Courtesy of Chris Dikeakos Architecture

CANADA—Nearly 1,000 Homes in Three Towers Eyed Near Gateway Skytrain
Kenneth Chen, Daily Hive, February 5 2024
The City of Surrey proposes building three high-rise residential towers at the northern border of Surrey City Centre. The plans for the development, located a 10-minute walk from the SkyTrain Gateway Station, calls for a total of 967 homes to be built in two phases. The project includes indoor and outdoor shared amenities, 984 vehicle parking stalls, 1,179 bike parking spaces, and 2,600 sq. ft. of commercial space.

Rendering of the future Dikastiria Station, Athens.
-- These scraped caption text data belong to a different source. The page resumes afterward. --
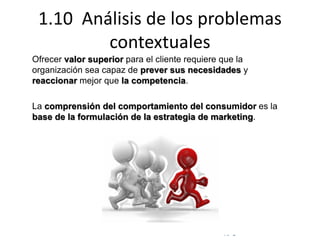 © Copyright Excellentia Fervic Education
1.10 Análisis de los problemas
contextuales
Ofrecer valor superior para el cliente requiere que la
organización sea capaz de prever sus necesidades y
reaccionar mejor que la competencia.
La comprensión del comportamiento del consumidor es la
base de la formulación de la estrategia de marketing.
 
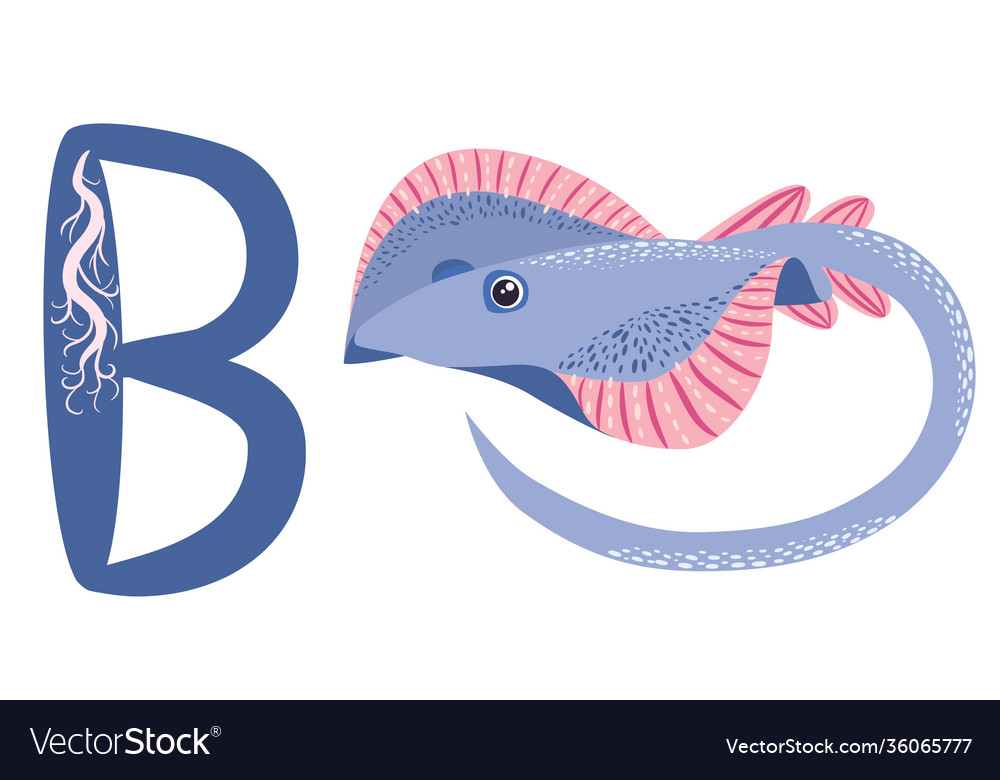 Abc kids blue spotted sea animal cartoon vector image Abc kids blue spotted sea animal cartoon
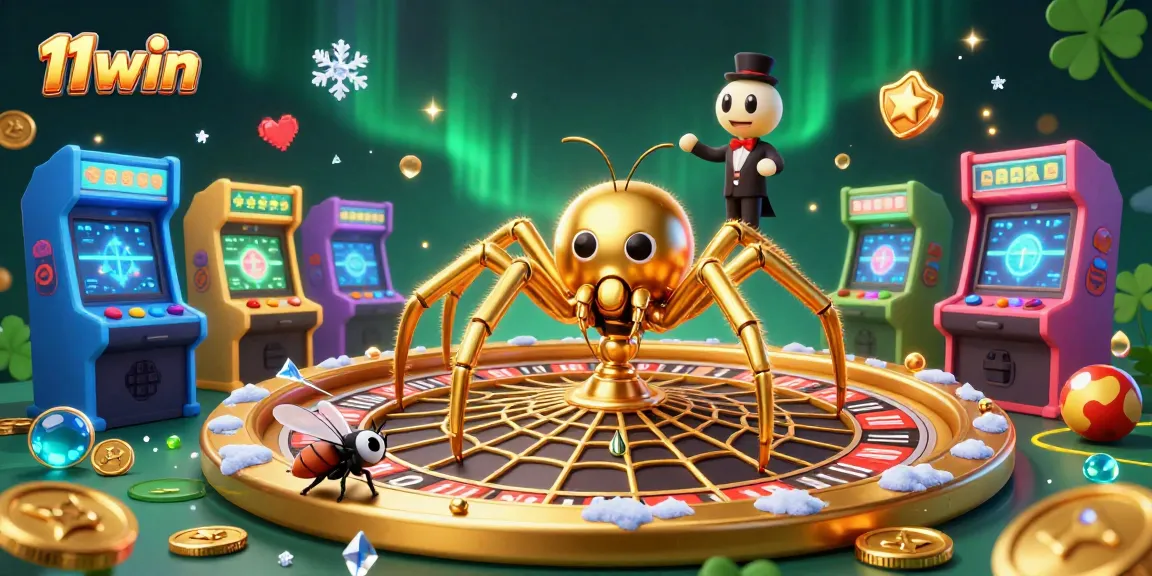 Experience the thrill of 11win with a vibrant 3D casino scene featuring animated game elements.
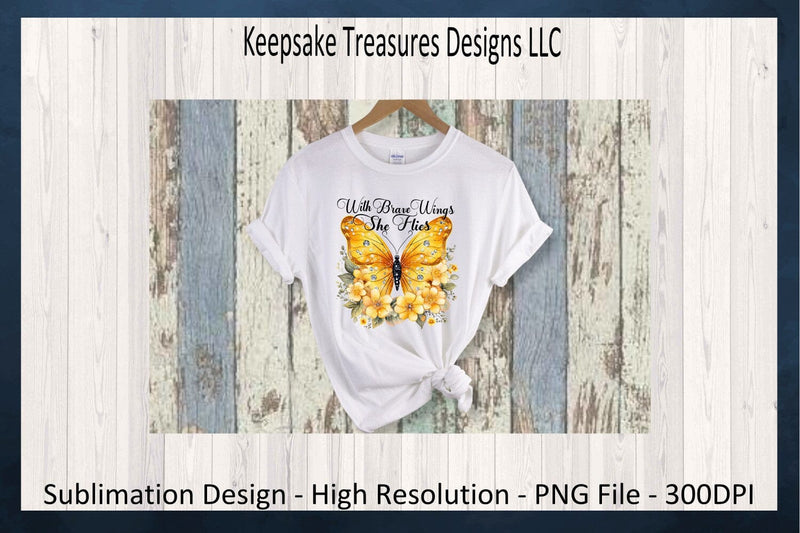 With Brave Wings She Flies, Yellow Butterfly, Inspirational ...
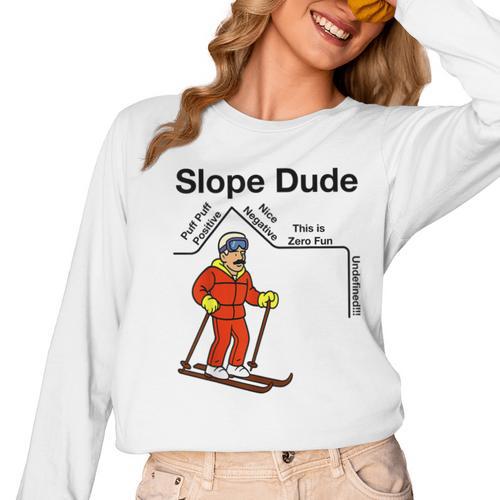 Nerdy Slope Dude Geometry Algebra Math Teacher Women Long Sleeve T-Shirt - teacherstshirts.com UK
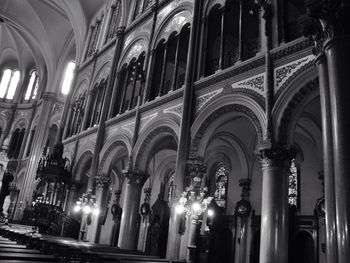 Interior of illuminated building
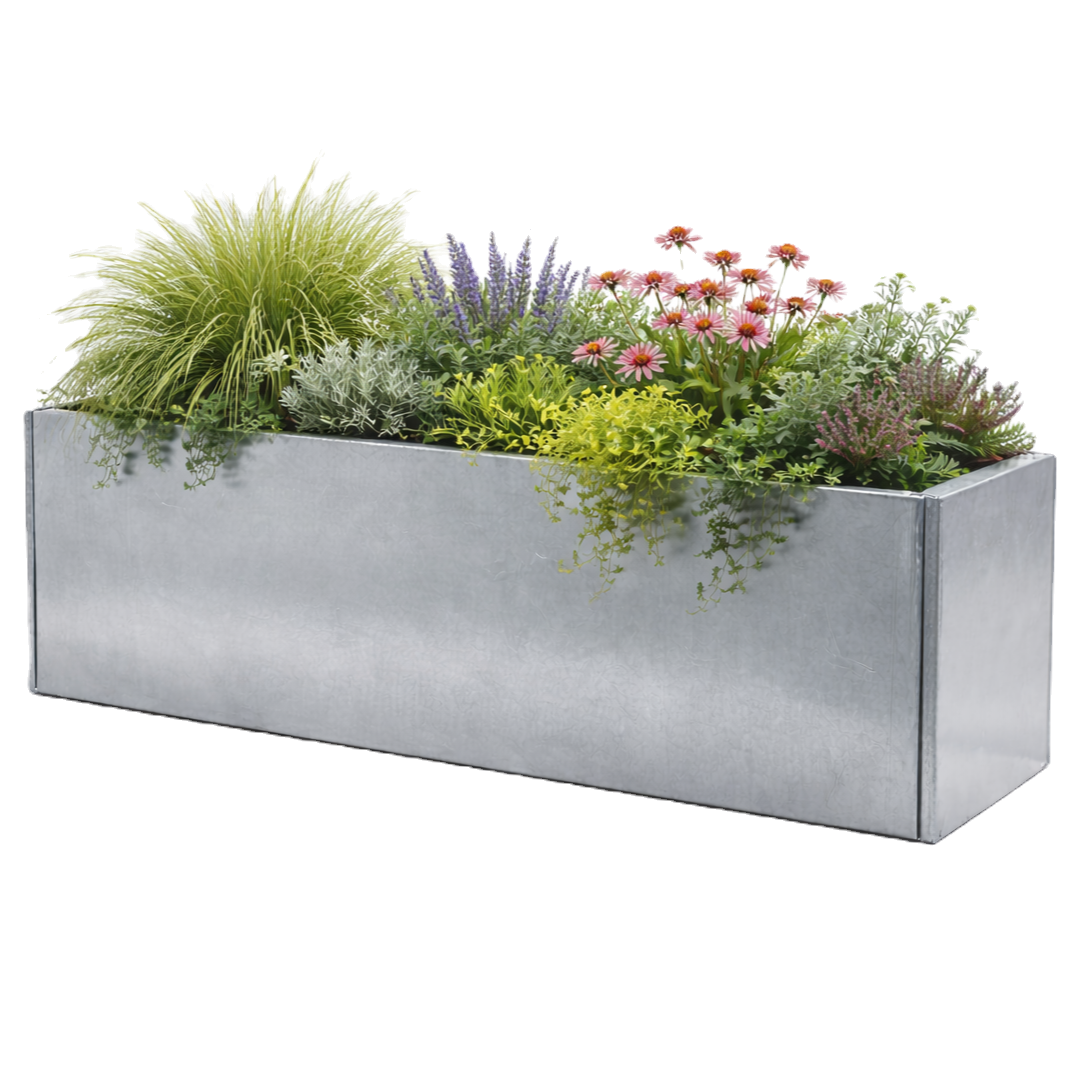Galvanised Metal Planter 1100 x 500 x 500 mm (photo)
Courtesy of Tense Architecture Network

GREECE—Athens Metro to Grow by a Third, Eliminating 53,000 Cars a Day
Feargus O’Sullivan, Bloomberg, February 1 2024
Athens’ forthcoming fourth metro line promises to alleviate traffic congestion and reduce emissions by eliminating an estimated 53,000 cars from the road daily. The Thessaloniki Metro will bring 15 new stations into service by 2030, and plans call a total of new 35 stations. Controversy, however, surrounds the project as concerns emerge about its impact on green spaces and local character, particularly in neighborhoods such as Exarcheia, where protests have erupted over fears of gentrification.